Problem statement » Produce an exact copy of the first line of the data below and each line after it, please, up to and including the one with "A bathroom with".
§
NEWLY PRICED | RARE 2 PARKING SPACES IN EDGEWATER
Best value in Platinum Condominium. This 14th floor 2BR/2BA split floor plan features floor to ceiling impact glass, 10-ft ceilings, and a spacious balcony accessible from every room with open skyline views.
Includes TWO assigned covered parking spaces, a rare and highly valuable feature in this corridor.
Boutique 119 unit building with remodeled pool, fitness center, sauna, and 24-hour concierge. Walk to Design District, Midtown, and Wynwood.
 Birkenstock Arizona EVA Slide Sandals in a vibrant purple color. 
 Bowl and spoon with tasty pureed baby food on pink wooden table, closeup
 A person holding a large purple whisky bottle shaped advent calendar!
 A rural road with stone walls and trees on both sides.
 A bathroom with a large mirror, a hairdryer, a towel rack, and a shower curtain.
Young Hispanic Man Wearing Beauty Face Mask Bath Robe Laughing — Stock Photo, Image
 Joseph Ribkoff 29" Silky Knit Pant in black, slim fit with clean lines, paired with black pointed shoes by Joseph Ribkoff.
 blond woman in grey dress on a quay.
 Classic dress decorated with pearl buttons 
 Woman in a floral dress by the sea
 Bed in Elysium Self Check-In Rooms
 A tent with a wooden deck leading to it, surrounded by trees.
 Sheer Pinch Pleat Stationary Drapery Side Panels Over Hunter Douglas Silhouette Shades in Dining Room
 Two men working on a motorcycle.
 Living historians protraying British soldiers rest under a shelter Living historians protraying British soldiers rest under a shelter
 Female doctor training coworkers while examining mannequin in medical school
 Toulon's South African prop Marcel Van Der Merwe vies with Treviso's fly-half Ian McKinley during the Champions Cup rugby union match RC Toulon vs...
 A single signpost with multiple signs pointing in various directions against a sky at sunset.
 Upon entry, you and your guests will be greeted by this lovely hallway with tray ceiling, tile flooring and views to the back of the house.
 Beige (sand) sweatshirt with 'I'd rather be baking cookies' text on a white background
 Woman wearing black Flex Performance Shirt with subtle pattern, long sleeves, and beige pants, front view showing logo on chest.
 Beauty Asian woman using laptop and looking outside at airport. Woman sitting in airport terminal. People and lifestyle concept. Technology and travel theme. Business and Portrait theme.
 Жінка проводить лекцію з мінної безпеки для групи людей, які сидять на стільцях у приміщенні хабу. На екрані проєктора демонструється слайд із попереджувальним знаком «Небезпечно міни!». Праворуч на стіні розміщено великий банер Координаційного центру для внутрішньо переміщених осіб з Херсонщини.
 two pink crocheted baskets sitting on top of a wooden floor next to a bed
§
Task output »
NEWLY PRICED | RARE 2 PARKING SPACES IN EDGEWATER
Best value in Platinum Condominium. This 14th floor 2BR/2BA split floor plan features floor to ceiling impact glass, 10-ft ceilings, and a spacious balcony accessible from every room with open skyline views.
Includes TWO assigned covered parking spaces, a rare and highly valuable feature in this corridor.
Boutique 119 unit building with remodeled pool, fitness center, sauna, and 24-hour concierge. Walk to Design District, Midtown, and Wynwood.
 Birkenstock Arizona EVA Slide Sandals in a vibrant purple color. 
 Bowl and spoon with tasty pureed baby food on pink wooden table, closeup
 A person holding a large purple whisky bottle shaped advent calendar!
 A rural road with stone walls and trees on both sides.
 A bathroom with a large mirror, a hairdryer, a towel rack, and a shower curtain.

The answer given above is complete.